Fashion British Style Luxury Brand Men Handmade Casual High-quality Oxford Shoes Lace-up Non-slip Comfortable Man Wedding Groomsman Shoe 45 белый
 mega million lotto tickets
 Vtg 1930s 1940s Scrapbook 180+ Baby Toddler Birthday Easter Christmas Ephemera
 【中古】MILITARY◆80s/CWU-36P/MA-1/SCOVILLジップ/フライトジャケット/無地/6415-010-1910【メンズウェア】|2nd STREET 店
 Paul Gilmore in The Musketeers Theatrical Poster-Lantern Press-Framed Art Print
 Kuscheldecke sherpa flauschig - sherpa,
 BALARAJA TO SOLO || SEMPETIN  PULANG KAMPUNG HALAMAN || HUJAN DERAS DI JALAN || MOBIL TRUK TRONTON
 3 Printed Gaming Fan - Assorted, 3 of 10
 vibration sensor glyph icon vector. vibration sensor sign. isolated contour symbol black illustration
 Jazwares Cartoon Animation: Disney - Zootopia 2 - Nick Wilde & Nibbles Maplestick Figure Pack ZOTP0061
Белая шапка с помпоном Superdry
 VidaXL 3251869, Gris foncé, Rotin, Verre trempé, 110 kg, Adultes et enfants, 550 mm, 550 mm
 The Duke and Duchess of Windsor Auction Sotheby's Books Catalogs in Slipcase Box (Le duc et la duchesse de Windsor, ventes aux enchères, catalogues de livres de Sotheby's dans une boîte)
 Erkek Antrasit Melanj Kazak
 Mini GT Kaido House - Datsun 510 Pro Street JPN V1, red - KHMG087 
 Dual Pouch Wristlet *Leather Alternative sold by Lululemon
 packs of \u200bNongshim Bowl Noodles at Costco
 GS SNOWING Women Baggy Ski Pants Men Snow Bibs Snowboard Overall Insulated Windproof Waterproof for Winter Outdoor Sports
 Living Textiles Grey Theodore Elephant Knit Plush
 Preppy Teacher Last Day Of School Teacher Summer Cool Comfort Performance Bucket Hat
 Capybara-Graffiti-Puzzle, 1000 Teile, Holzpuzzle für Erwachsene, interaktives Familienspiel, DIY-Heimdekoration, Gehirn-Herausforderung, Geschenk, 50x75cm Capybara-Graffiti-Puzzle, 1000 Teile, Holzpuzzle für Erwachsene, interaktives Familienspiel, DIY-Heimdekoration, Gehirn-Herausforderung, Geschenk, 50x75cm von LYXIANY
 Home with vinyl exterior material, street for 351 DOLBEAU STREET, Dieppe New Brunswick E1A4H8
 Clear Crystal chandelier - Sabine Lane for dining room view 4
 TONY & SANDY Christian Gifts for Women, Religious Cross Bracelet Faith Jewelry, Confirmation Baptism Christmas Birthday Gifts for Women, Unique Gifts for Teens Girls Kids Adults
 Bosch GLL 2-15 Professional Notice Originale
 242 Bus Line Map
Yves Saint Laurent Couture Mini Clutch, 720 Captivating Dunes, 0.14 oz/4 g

#### Prompt:
Could you retype exactly the lines from the first one of the records through the line containing "Kuscheldecke sherpa flauschig", both included, and nothing more?

#### Output of the task:
Fashion British Style Luxury Brand Men Handmade Casual High-quality Oxford Shoes Lace-up Non-slip Comfortable Man Wedding Groomsman Shoe 45 белый
 mega million lotto tickets
 Vtg 1930s 1940s Scrapbook 180+ Baby Toddler Birthday Easter Christmas Ephemera
 【中古】MILITARY◆80s/CWU-36P/MA-1/SCOVILLジップ/フライトジャケット/無地/6415-010-1910【メンズウェア】|2nd STREET 店
 Paul Gilmore in The Musketeers Theatrical Poster-Lantern Press-Framed Art Print
 Kuscheldecke sherpa flauschig - sherpa,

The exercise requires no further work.